▪ I. cut-off, n.
(ˈkʌtˈɒf, attrib. ˈkʌtɒf)
[cut v. 56.]
1. An act of cutting off or portion cut off.
1741 Richardson Pamela II. 151 This, though, was a great Cut-off; a whole Week out of ten Days. 1954 J. Southward Mod. Printing (ed. 7) II. xv. 212 Cut off is the amount [sc. of paper] severed from the webs to form individual copies of an edition. |
2. a. A new and shorter passage cut by a river through a bend; sometimes also applied to the crescent-shaped lake formed by the remains of the old channel when cut off from the new by silting. Also, a lateral channel dug across a bend in a river (also attrib.). orig. U.S.
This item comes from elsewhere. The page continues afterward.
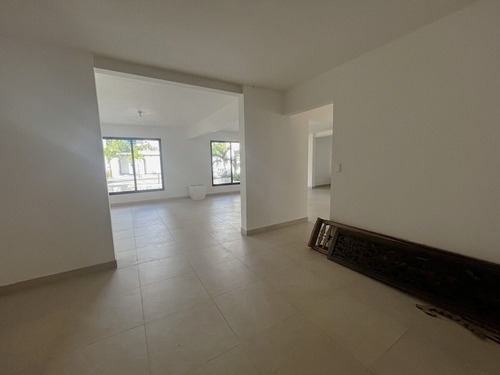 Local En Alquiler De 330m2 En Naco Primer Nivel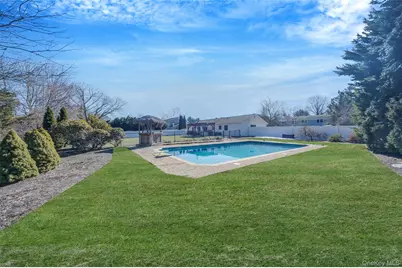 7 Hemlock Road, Mount Sinai, NY 11766 - Photo 8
1773 Acts Gen. Assembly Georgia (1881) 300 To make any such cut off as shall be thought necessary from River to River. Ibid., In such Cuts off and Clearing. 1817 S. R. Brown Western Gaz. 222 It is about four miles across the several branches of the Pascagola..intersected by bayous and cut-offs. 1830 Lyell Princ. Geol. I. 186 At one spot called the ‘grand cut off’, vessels now pass from one point to another in half a mile, to a distance which it formerly required twenty miles to reach. 1874 in N. H. Bishop Voy. Paper Canoe (1878) 223 If you take to the cut-offs, you may get into..interior bayous, from which you will never emerge. 1913 Thomas & Watt Improvem. Rivers (ed. 2) i. 27 When a bend has become almost a complete curve, the river breaks through the intervening neck of land and forms a cut-off. Ibid. ii. 337 The entire river was dammed at or near the upper part of a sharp bend, and a cut-off or lateral canal was dug across the bend from the pool thus formed. Ibid. 367 Cut-off walls resting on the river-bed. 1937 Wooldridge & Morgan Physical Basis Geogr. xii. 173 The abandoned loops form ‘cut-offs’, ‘ox-bows’ or ‘mortlakes’ which, in time, become silted up. |
b. A piece of road or railway which cuts off or saves a bend; a short cut, cross-cut.
1806 Z. M. Pike Jrnl. 28 Jan. in Sources Mississ. (1810) i. 64 Observed Mr. Grant's trackes going through it; found his mark of a cut off, (agreed on between us) took it, and proceeded very well. 1818 Boston Weekly Messenger 23 July (Th.), They pointed [it] out to him as being a nigh cut⁓off to the high road. 1881 Chicago Times 14 May, The Company is..building a cut-off six miles in length near Omaha. 1908 Westm. Gaz. 31 Dec. 3/1 The Great Western's Ashendon to Aynho ‘cut-off’, which will provide that company with a new route to Birmingham, nineteen miles shorter than its existing one. 1924 W. M. Raine Troubled Waters iii. 29 Evidently she was taking the cut-off back to the ranch, unaware that the bridge had been washed out by the freshet. 1947 J. Steinbeck Wayward Bus i. 6 Those who came over the cut-off from San Juan de la Cruz. |
3. a. An interruption or stopping of a continuance or flow. Also attrib.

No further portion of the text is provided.